The fairy tales that we tell our children that have absolutely no resemblance to the observable reality (aside from religious view [which should be personal, private, and not a subject of public discussion] )
Next on WTFisthisguy’sproblem?:
Religious indoctrination should be illegal. Each person should have the right to believe what they wish to believe without unwelcome influence from family and friends. Beliefs should be presented as children become intelligent enough to ask about (and understand) these concepts along with the other blocks of information each student will automatically be presented.
We each have personal beliefs. What those beliefs are is not relevant either to the advancement of understanding or to the betterment of the quality of human life. We do our children no favors by indoctrinating them against other people by conditioning them at a young age to believe either that their parents are lying or that the rest of the world is stupid. In either case the child is left not knowing what to believe because no matter where they go they will receive conflicting messages from people who believe conflicting things. Don’t talk to a person about religion, let your actions speak for your beliefs.
If your beliefs are violent, someone will believe otherwise and stop you, or you will eventually die in one manner or another. Those who harm others should be dealt with severely and decisively, and in such a way that the perpetrator never considers performing the act of violence or another like it again. Repeat offenders should be rendered incapable of performing the act of violence again.

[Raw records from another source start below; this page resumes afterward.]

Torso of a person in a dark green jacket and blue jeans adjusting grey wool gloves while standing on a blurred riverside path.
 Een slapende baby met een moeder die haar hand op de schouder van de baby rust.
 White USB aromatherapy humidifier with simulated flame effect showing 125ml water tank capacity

At all times care should be taken to leave these people as functional as they can be. Repeat rapists should simply be castrated. Repeat misdemeanor miscreants should be placed under constant surveillance and fines should be assessed to be payed to the person/party(parties) they harm. Repeat murderers should be put down the same way that a rabid dog might be put down.
It is not alright if multiple deaths occur because nothing was done when the warning signs of a murderer began to show. No murderer is worth enough to society to allow the possibility that they might murder again. Even if the subject of their theoretical future murder might be another inmate in a facility, the murdered inmate might have been rehabilitated to become a functional and productive member of a forward moving society. Even sane human behavior is unpredictable. Nobody should be permitted to unpredictably murder anyone, much less to do it more than once.